Work instruction> When you reach the line that contains "美记分析字母哥需施压雄鹿才能促成交易局面" in the data below, start reproducing lines exactly, and stop after the line that contains "I Know i play".

*** Extracted records ***

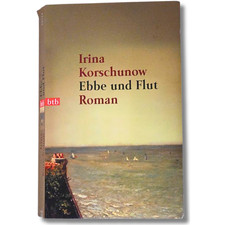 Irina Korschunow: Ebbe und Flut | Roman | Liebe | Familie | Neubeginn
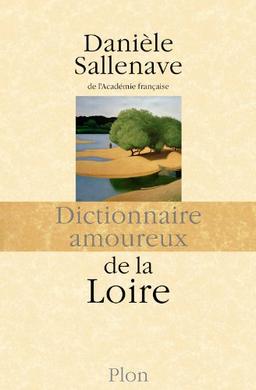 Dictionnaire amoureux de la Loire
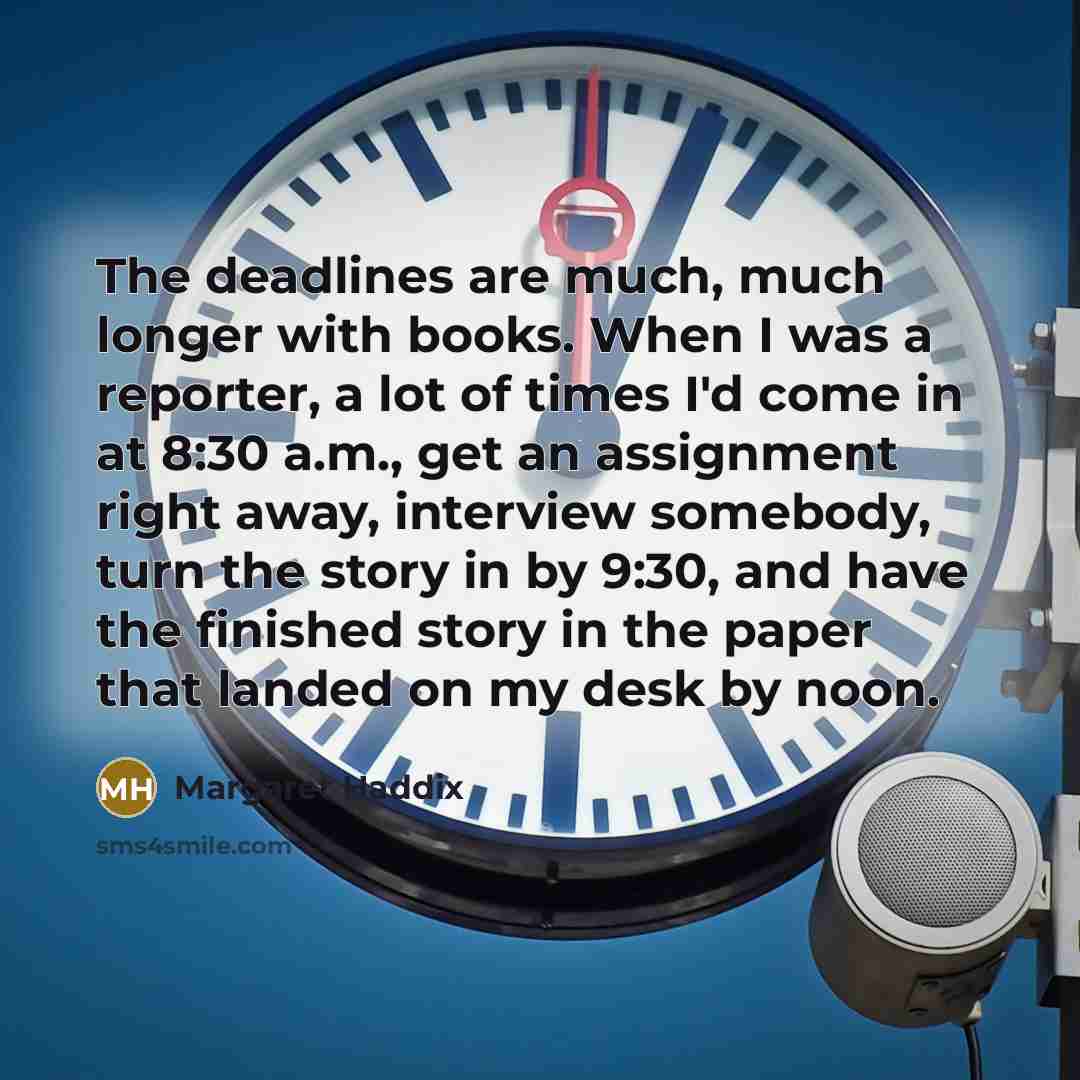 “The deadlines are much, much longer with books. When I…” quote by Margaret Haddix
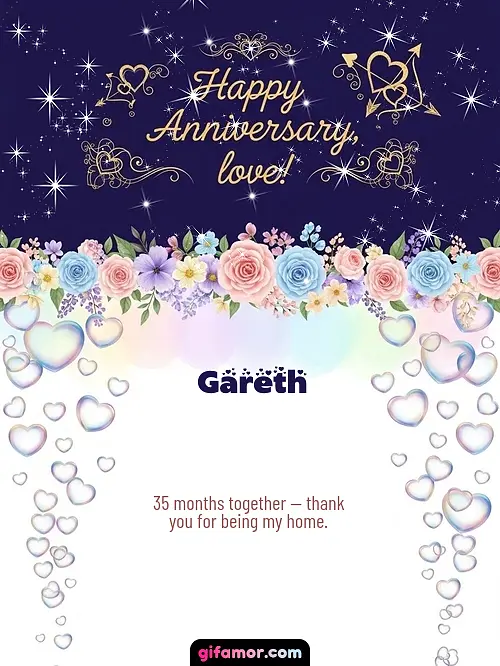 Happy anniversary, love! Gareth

*** End of Extracted records ***
*** Extracted records ***

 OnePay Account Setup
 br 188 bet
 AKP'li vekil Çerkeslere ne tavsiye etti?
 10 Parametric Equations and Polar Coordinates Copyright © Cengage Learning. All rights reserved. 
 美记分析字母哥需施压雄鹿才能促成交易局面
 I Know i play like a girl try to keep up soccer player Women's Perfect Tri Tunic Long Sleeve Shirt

*** End of Extracted records ***
*** Extracted records ***

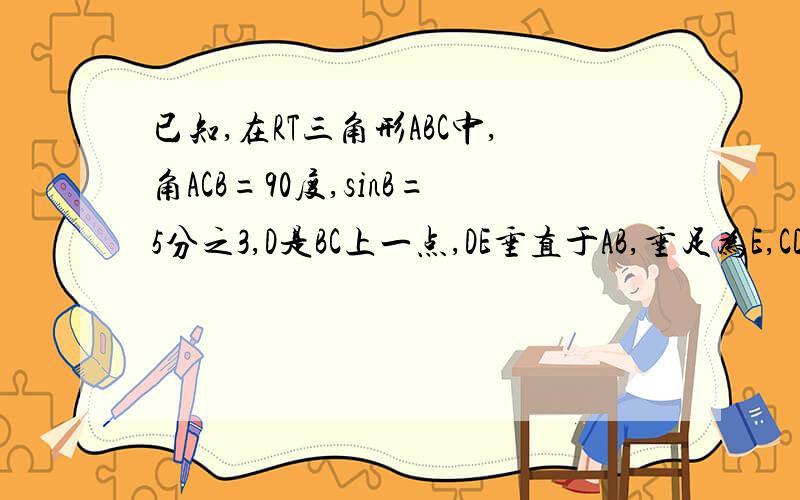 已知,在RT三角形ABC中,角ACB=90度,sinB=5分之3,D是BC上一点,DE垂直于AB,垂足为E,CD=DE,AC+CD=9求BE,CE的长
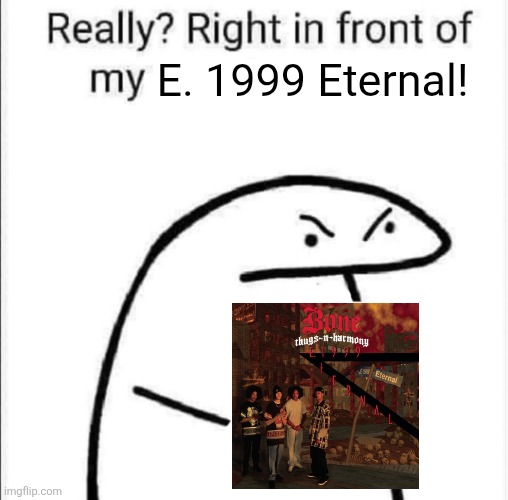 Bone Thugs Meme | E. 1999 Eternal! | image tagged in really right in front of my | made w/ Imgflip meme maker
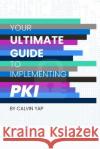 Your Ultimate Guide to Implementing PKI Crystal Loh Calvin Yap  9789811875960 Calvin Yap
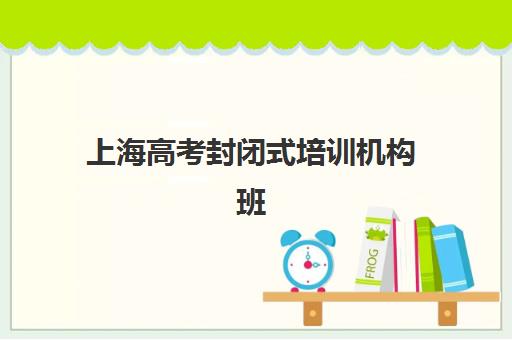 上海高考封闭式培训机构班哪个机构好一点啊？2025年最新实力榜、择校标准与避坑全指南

*** End of Extracted records ***

Output of the exercise>
 美记分析字母哥需施压雄鹿才能促成交易局面
 I Know i play like a girl try to keep up soccer player Women's Perfect Tri Tunic Long Sleeve Shirt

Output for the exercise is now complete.